The fact that Pulse Audio can detect it means that there is a hardware connection; saying it is unplugged means that Pulse Audio cannot detect any input from it. At one time 3.5 mm headphone and microphone ports were separate; now one 3.5 mm port is used for both input and output. I wonder if there is a switching problem caused by a combination of other input and output devices causing the 3.5 mm port to be switched to output (ie. headphone) only.
This is what happens in my HP Envy x360, even with kernel 5.11 rc4:
I plug the jack till the end and it is reported as unplugged.
If I then very slightly pull out the plug, between 1/3 and 1/2 mm, it’s suddenly reported as plugged-in and mic signal is ok.
If from that position I push it till the end again, it stays reported as plugged-in but signal becomes uncorrelated to mic input. It’s like a repeated and noisy pattern of amplifying for a bit and suddenly dropping.
It indeed seems that when the jack is fully plugged-in it’s taken to be a 3 pin jack. In 1 it’s reported as unplugged, in 3 maybe the plugged-in state is preserved from 2, but the input -whatever it is- is not from the mic.
Possibly, just curious as to what could be causing this switching issue as I have nothing else plugged in. Still interesting that it works on the same machine with windows.
Well YaST has nothing to do with loading the drivers (and the sound utility is deprecated anyway). You can show the sound card configuration using inxi -SAa
For more comprehensive diagnostic information, run the alsa-info.sh script as explained here https://en.opensuse.org/SDB:Audio_troubleshooting#Script_to_run_to_obtain_detailed_information
and share the link that it provides so others can see the results.
A quick glance of the diagnostic output shows the microphone is off
Simple mixer control 'Mic',0
Capabilities: pvolume pswitch
Playback channels: Front Left - Front Right
Limits: Playback 0 - 31
Mono:
Front Left: Playback 0 [0%] [-34.50dB] [off]
Front Right: Playback 0 [0%] [-34.50dB] [off]
Fire up alsamixer via a terminal, press F6 to choose the appropriate card, check/adjust the mic levels, then test again.
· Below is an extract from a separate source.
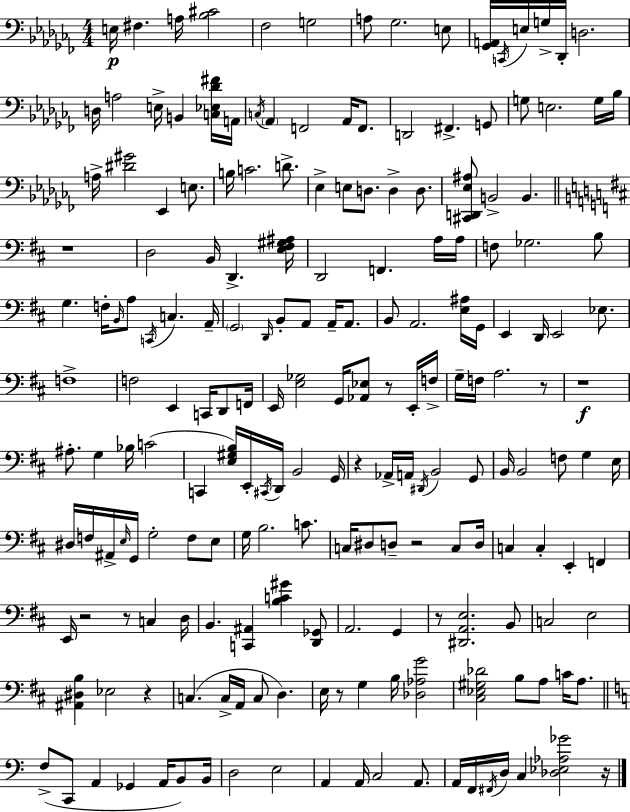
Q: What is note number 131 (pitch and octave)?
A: A2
Any difference?
I believe I did find the correct sound card and the mic bar was all the way down.
I raised it up and also disabled the auto mute feature.
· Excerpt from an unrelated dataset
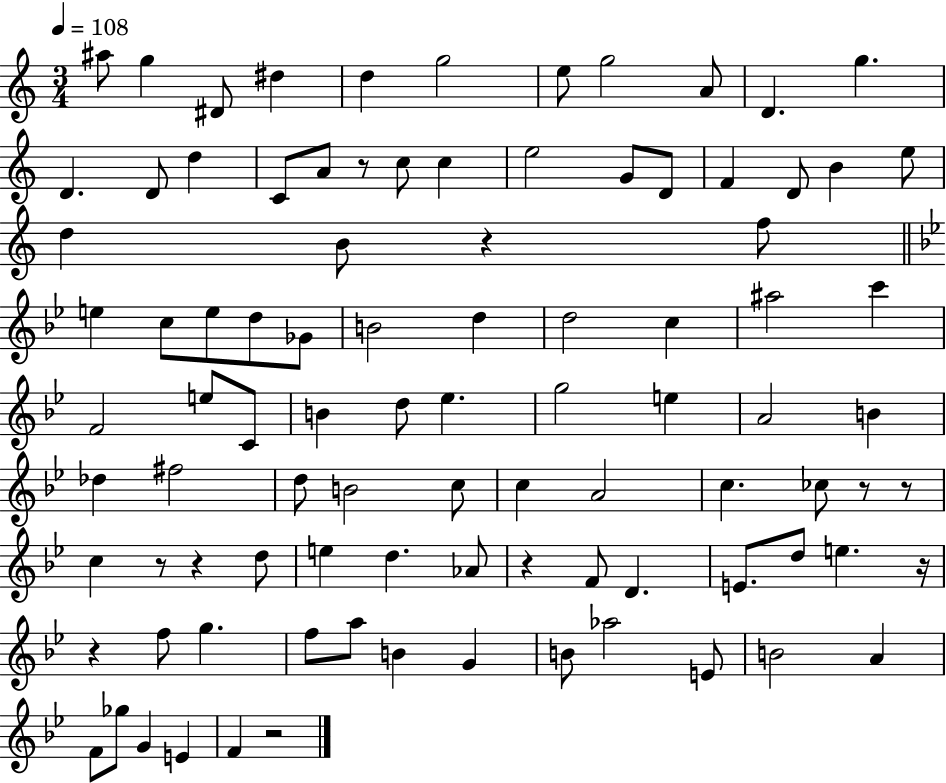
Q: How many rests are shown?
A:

Nothing seems to have changed.
When selecting the sound card is it normal for there to be 3 options?
The default seemed to be something called pipewire and I wasn’t able to change it from defaulting to it.
There is another one that had HDMI in it and then finally the third option is the Realtek audio which I know as the correct option as that is what appears when using the mic on windows
That really depends on the particular system. You have two sound cards, and I think the first option is for ‘default’ which as you say points to the ‘sound server’ layer, (in this case PipeWire).